Колоколов прожил в Иванове с 1921-го по 1928 год. Уроженец Владимирской губернии (родился в селе Выползова Слободка Переславль-Залесского уезда в семье священника), Колоколов сумел многое познать в «доивановский» период жизни. Окончив Переславское духовное училище, Колоколов поступил во Владимирскую духовную семинарию, мечтая после ее окончания поступить в университет. Но семинарию не окончил: был выгнан из нее с «волчьим билетом» за участие в забастовке учащихся против начальства (та же участь постигла Д. Н. Семеновского, учившегося в той же семинарии одновременно с Колоколовым). Продолжил Николай Иванович образование в легендарном народном университете Шанявского, где подружился с Сергеем Есениным. Далее — окопы Первой мировой войны. После госпиталя возвратился в родные края. Активно занялся литературной деятельностью. В 1920 году в Москве вышла первая книга Колоколова — поэтический сборник «Стихотворения», оставшийся незамеченным критикой.

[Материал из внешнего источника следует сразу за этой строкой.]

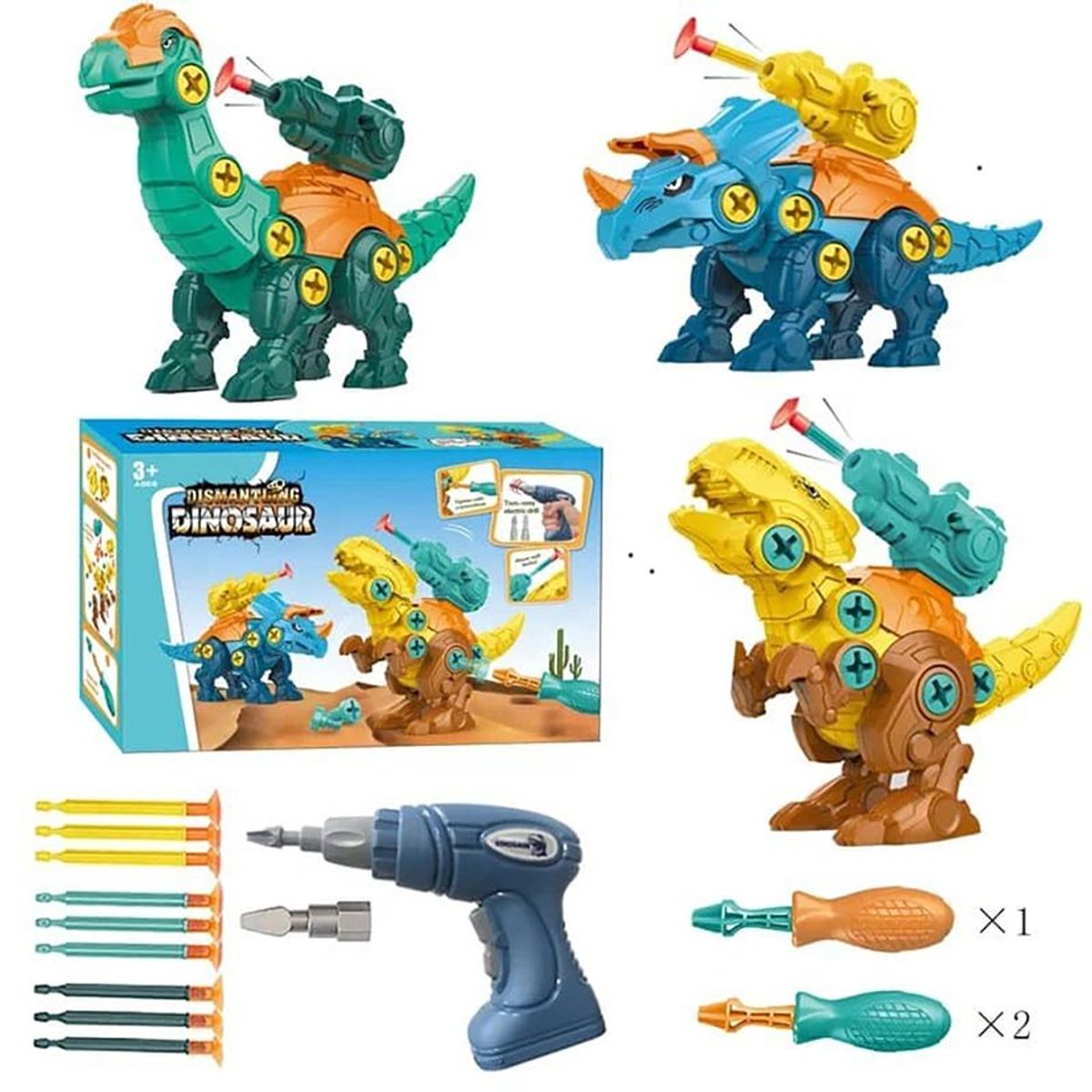 GENERICO - Juego Armable 3 dinosaurios+taladro eléctrico+Lanza Dardos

С приездом в Иваново происходит значительное событие в личной жизни Колоколова: его женой становится племянница Авенира Ноздрина — Елена Михайловна. Быстро оказывается Николай Иванович своим в местной журналистской и литературной среде. Сотрудничает с газетами «Рабочий край», «Смычка». Возглавляет литературную группу «Встреча». Здесь тесно общается с людьми, которые станут для него самыми близкими друзьями. Это, прежде всего, Дмитрий Семеновский, которого Колоколов знал еще в пору учебы в духовной семинарии. Это и Ефим Вихрев, работавший в одно время с Николаем Ивановичем в «Рабочем крае». По-родственному близок стал Колоколову Авенир Ноздрин. Главное же — в Иванове открываются лучшие стороны литературного дарования Колоколова.
Сначала он заявляет о себе как незаурядный поэт, со своим особым мироощущением, со своим поэтическим почерком. В лучших стихах Колоколова, вошедших в книгу «Земля и тело» (М., 1923), привлекает особая языческая сила. Поэт уверен, что человек был и остается частью природы и, как бы сказал Есенин, открытие в душе «узловой завязи» природного и человеческого составляет миг земного счастья.
В желтом зное — желтые пчелы.
В ульях — желтый и теплый мед.
С елей льются, желтея, смолы.
Желт песок у озерных вод.
Медом пьяным июль настоян.
Медом пахнет в тяжелой ржи.
Знойно-сладкое и густое
Плещет в русла упругих жил.
И в крови — не поют ли пчелы?
И не медом ли влажен рот?
Мед и смолы… Лучи и смолы…
Смоляной и медовый пот…
Полдень сладко туманит бредом.
Явь одета в янтарный сон.
Лето медом, медвяным светом
Наплывает со всех сторон.
Счастье, счастье мое земное!
Пить тебя — не испить до дна.
Медоносным, душистым зноем
Грудь, как улей, полна, хмельна.
Никто, пожалуй, в тогдашнем Иванове не писал таких густых природных стихов. Они напоминали читателям черного фабричного города о том, что человек — сын земли, которая готова одарить при бережном к ней отношении медом жизни. Кровь человеческая в этом стихотворении поет пчелиные песни, откликаясь на материнскую ласку природы. «О, если б навеки так было!» Но драматическая подоплека этих стихов заключается в том, что ощутить «медовое» счастье жизни можно лишь в какое-то мгновение. Это нечто идеальное, чему противится ход реальной истории, которая все больше уходит от естественной природы в сторону противоестественного человеческого существования. Об этом рассказывает роман Колоколова «Мед и кровь».